This is probably for the best, as Blackwood’s sanitarium (also a castle) houses the requisite torture dungeon, complete with hunchbacked assistant Carl (Pierre Agostino – Superstition 2), wall clamps, and a guillotine. (Which I think was standard for this particular castle model.) Is the monsterus tentaculus somehow connected to Blackwood and his experiments? You bet your dime store bippy it is. Complicating things further is the arrival of Blackwood’s wife, Diane (co-writer Deedy Peters), who’s never been to the castle even though Arthur has lived there for seven years. As Diane settles in, she soon realizes that weirdness is afoot at Chez Blackwood, and joins forces with the sheriff to stomp out her husband’s chicanery. But will they be too late?

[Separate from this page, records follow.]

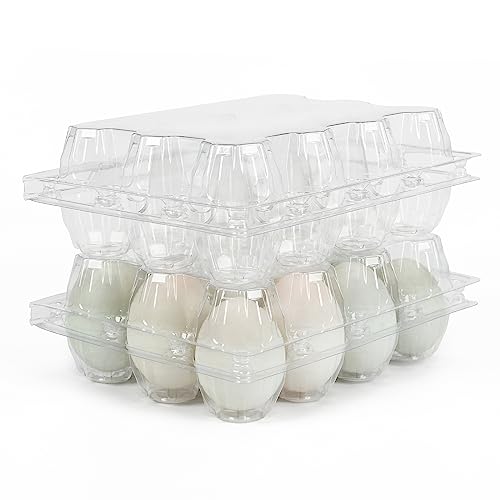 Compare 50 Pack Large Plastic Egg Cartons 1 Dozen Clear Duck Egg Cartons Reusable Egg Cartons
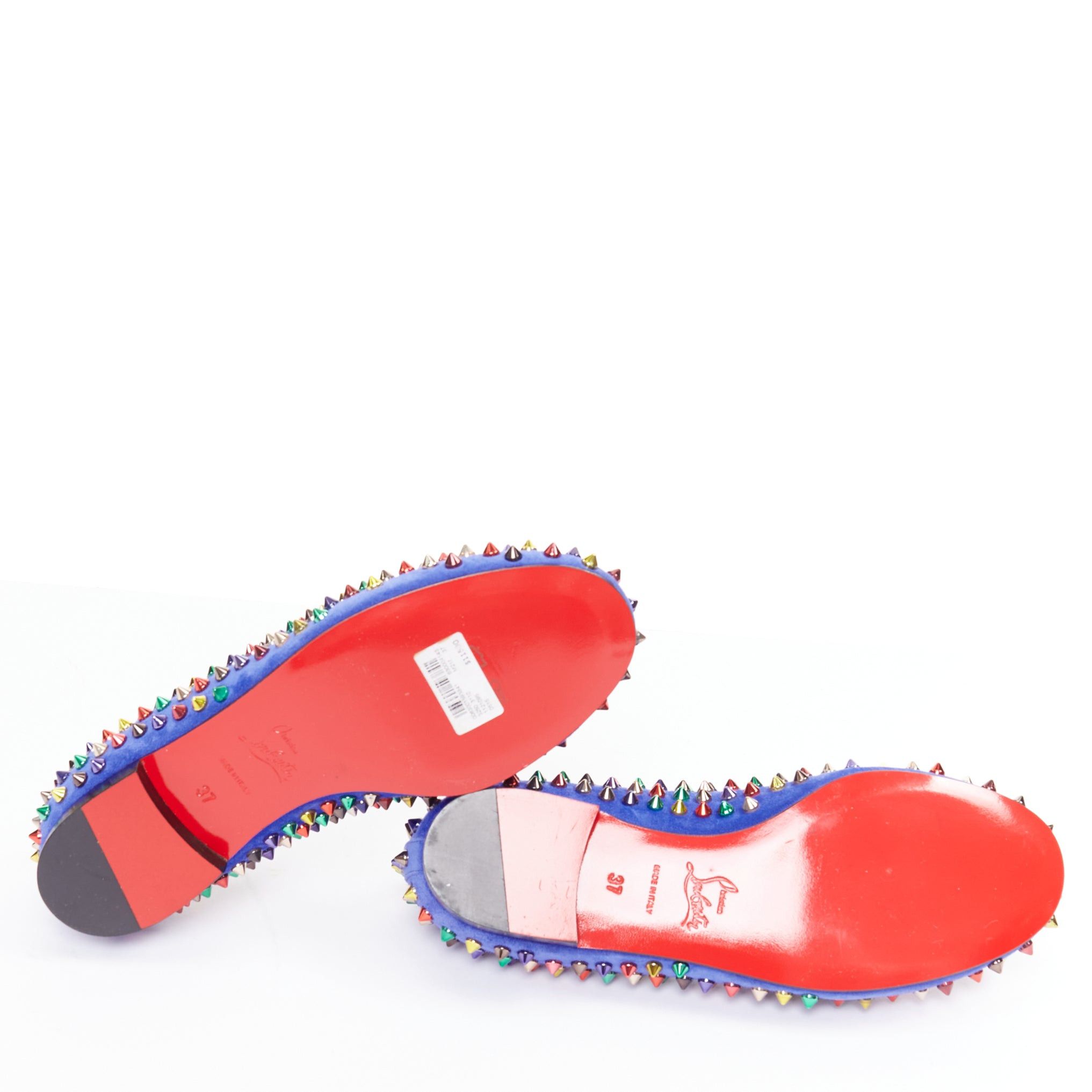 Christian Louboutin CHRISTIAN LOUBOUTIN Dandy Pik Pik Flat blue suede multicolor spike stud flats EU37 Size US 7 / IT 37 - 11 Thumbnail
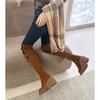 Autumn New Women's Over The Knee Boots Fashion Round Toe Chunky Heel Suede Riding Boots for Women Dress Ladies Platform Shoes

To truly embrace art, one must appreciate the low end of the spectrum as well as the high; Help Me is ambitious in its attempt to meld several sub-genres along with a message about the singularity of evil, except it falls completely short in nearly all areas. Of course, many will just outright dismiss a film like this as straight up trash; which is true, except it isn’t a cynical cash-in by a major studio looking to exploit the latest trend in terror. Help Me was made with love by filmmakers with more moxie than talent, and I’ll take that any day.
If you’re expecting cheap sets and a locale that looks eerily similar to a mini putt course on the outskirts of L.A., you’re covered. If you need (mostly) stilted performances and ridiculous wigs, you’re set. If you’re hankering for florid dialogue delivered with awkward aplomb by the screenwriter himself, sit back and check off that box. Help Me hits every endearing trait of enjoyable schlock in a very tidy 76 minutes.
It also features some decent effects too; the decapitations work fine, the whipped and flayed nurses look swell, and our Lovecraftian monster is vague yet charming. Modest in budget shouldn’t hamper the imagination, a manifesto that Bill Greer truly believes in, at least here. (He would go on to write many episodes of Charles in Charge, speaking of horror.) The idea of isolating evil in people and having it manifest physically recalls several later Cronenberg tropes, without the underlying psychological pinning he exceled in. So I certainly won’t discredit Greer in the ongoing timeline of body horror; I mean I’d rather praise him for this than the career of Scott Baio.
And this film should be praised, within the parameters it presents: an energetic capsulation of drive-in staples – scantily clad women, hunchbacks, dismemberment, flogging, outmoded gothic death traps – told with a sincere and straight face. Help Me wants you to love it, and it’s hard not to give in.
It’s always the biggest kick to stumble across a dusty gem; unearthing the deserved is one of the great joys of being a horror fan. Do yourself a favor and track down Help Me…I’m Possessed. It’s the bewigged Lovecraft mad scientist torture flick you didn’t know you needed. Until now, neither did I.
Help Me…I’m Possessed is available on DVD as The Possessed + Demon Love Child, a double feature from Code Red.